_Goal of the exercise_
Restate the data below word for word. Skip any images it contains.

_Recorded information_
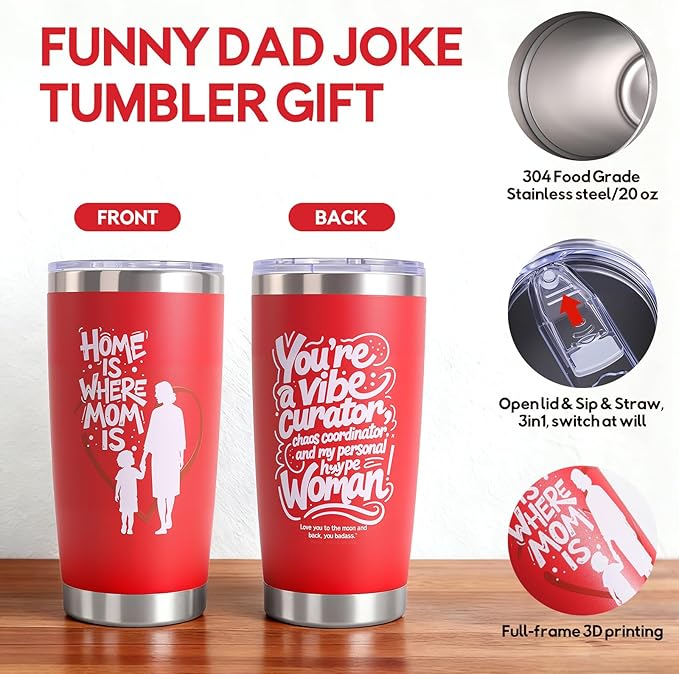 Christmas Gifts for Mom 2025,20oz Insulated Tumbler with Lid, Mothers Day Stainless Steel Travel Mug for Hot/Iced Coffee - Leakproof, Sweatproof, Durable Cup for Home, Office, Commuting,Red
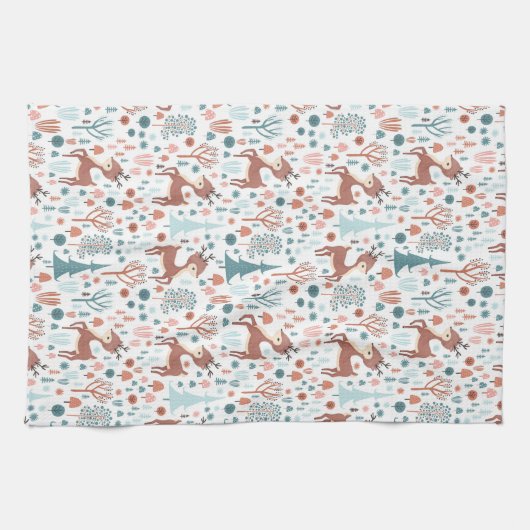 Niedliches Hirsch in Whimsical Forest Pattern Weih Geschirrtuch (Horizontal)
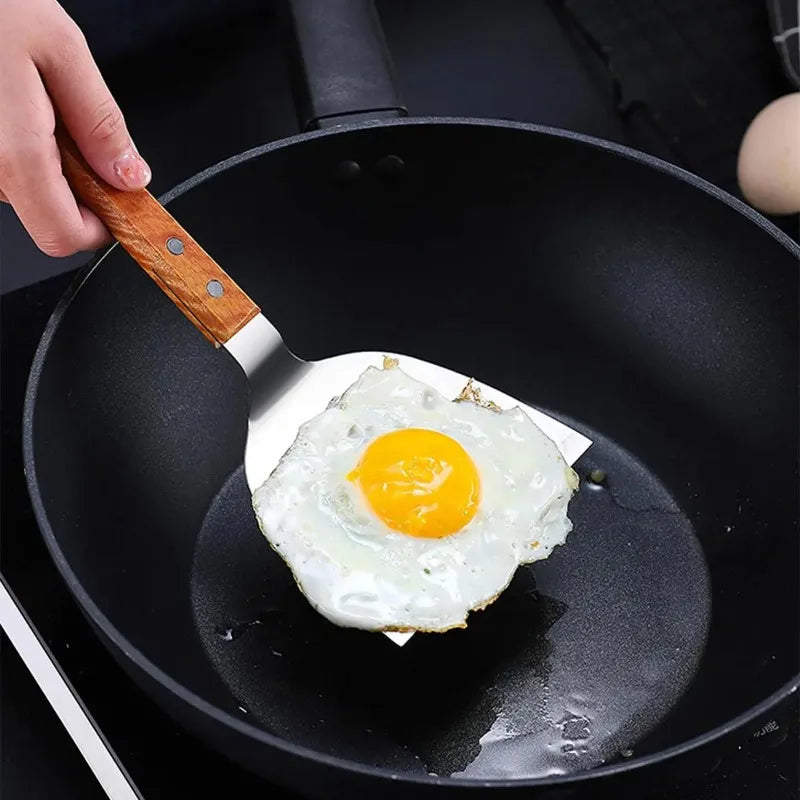Stainless Steel Cooking Spatula Wood Handle – BBQ & Kitchen Cooking Spatula Babs Default Title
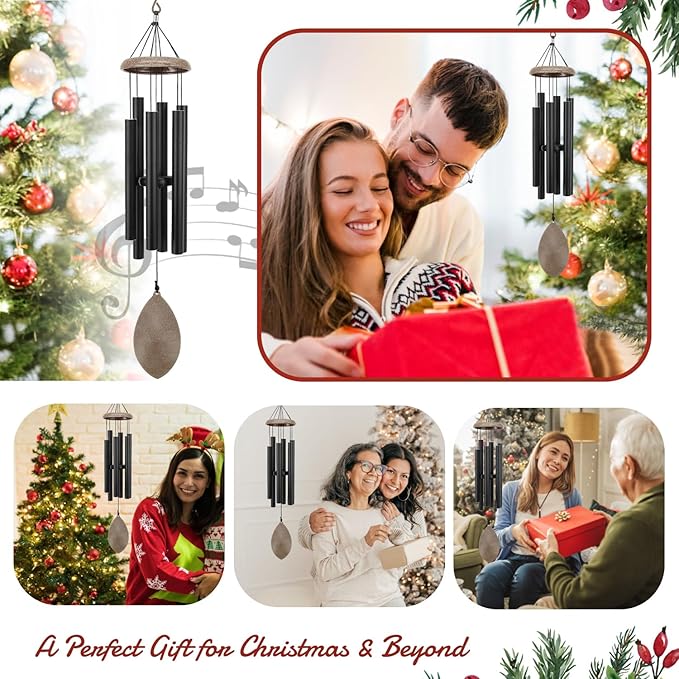 ASTARIN Wind Chimes for Outside, All Metal Tuned Wind Chime Outdoors, Sympathy & Memorial Wind Chimes for Mom Dad, Leaf Design, Box Included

_Expected answer_
 Christmas Gifts for Mom 2025,20oz Insulated Tumbler with Lid, Mothers Day Stainless Steel Travel Mug for Hot/Iced Coffee - Leakproof, Sweatproof, Durable Cup for Home, Office, Commuting,Red
 Niedliches Hirsch in Whimsical Forest Pattern Weih Geschirrtuch (Horizontal)
Stainless Steel Cooking Spatula Wood Handle – BBQ & Kitchen Cooking Spatula Babs Default Title
 ASTARIN Wind Chimes for Outside, All Metal Tuned Wind Chime Outdoors, Sympathy & Memorial Wind Chimes for Mom Dad, Leaf Design, Box Included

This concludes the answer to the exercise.